Just 1 advancement in the Atlantis labs today for 'teratel' who enters the LMA. When asked earlier by one of our reporters how he felt after such a huge landmark in technology he replied "I Don't care about any tech advancement just Polish My BITS ta... oh and I don't trade with attackers". Well there you are, a man who clearly dosn't get his bits polished enough.
NOTE: Must polish 'teratel's' bits!!
**Other News**
Just one story today for your reading pleasure (it's rather long) :
'sdragonfun' stormed into a local bar today and demanded, "Gimme a double of the strongest whiskey you got. I'm so mad, I can't even see straight." The bartender, noticed that he was a bit the worse for wear, so poured him a double of Southern Comfort. 'sdragonfun' swilled down the drink and said, "Gimme another one." The bartender poured the drink, but then said, "Now, before I give you this, why don't you let off a little steam and tell me why you're so upset?"

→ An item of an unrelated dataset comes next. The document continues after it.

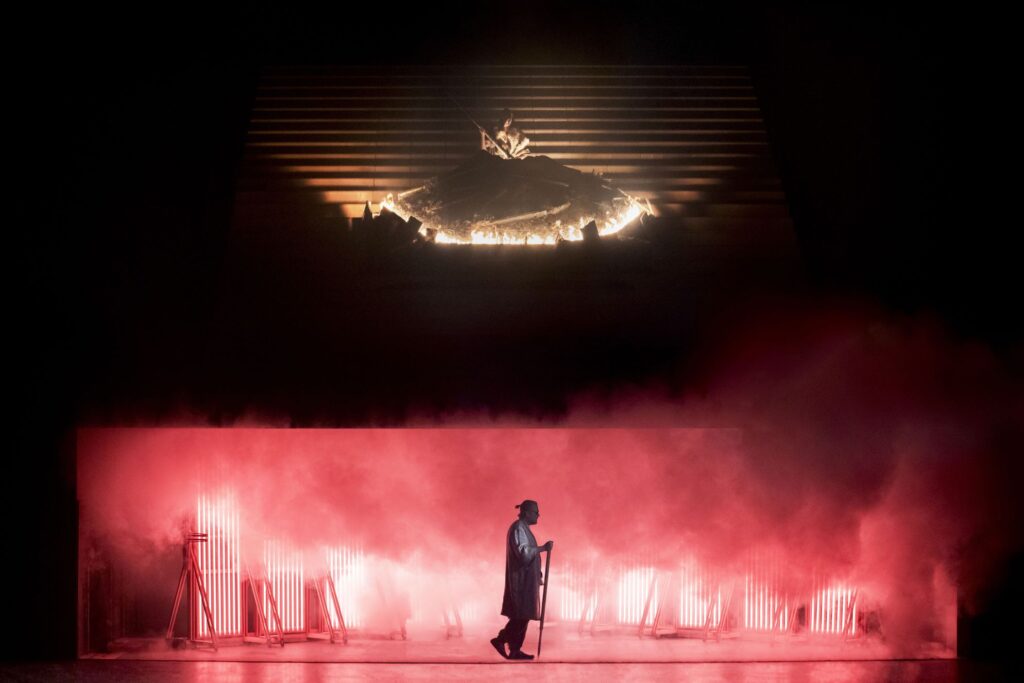 „Walkiria” w Kopenhadze © Camilla Winther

So, 'sdragonfun' began to tell his tale. "Well, I was sitting in the bar next door, when this gorgeous blonde serving wench slinks in and actually sits beside me at the bar. I thought, "Wow, this has never happened before." You know, it was kind of a fantasy come true. Well, a couple of minutes later, the blonde leans over and asks if I'd like to come back to her place to have dinner and to talk for a while. I couldn't believe this was happening, and I hadn't had a good meal in quite a while. I managed to nod my head yes, so she grabs my hand and starts walking out of the bar. This seemed just too good to be true."
"She took me down an Atlantian street to a nice hovel and up to her room. She said to relax, read the Atlantis Star, and that she would get the meal ready in a few minutes. But, as soon as I put my feet up and reclined my chair, I heard some keys jingling and someone starts fumbling with the door."
"The blonde says, 'Oh my god, it's my boyfriend. He must have lost his wrestling match tonight, he's gonna be real mad. Quick, hide!'"
"So, I opened the closet, but I figured that was probably the first place he would look, so I didn't hide there. Then I looked under the bed, but no, I figured he's bound to look there, too. By now, I could hear the key in the lock. I noticed the window was open, so I climbed out and was hanging there by my fingers, praying that the guy wouldn't see me."
The bartender, who looked amazed with the story, said "Well I can see how you might be a bit frustrated at this point."
"Well, yeah, but I hear the guy finally get the door open and he yells out, 'Who you been with now, you witch?' The girl says, 'Nobody, honey, now calm down.'"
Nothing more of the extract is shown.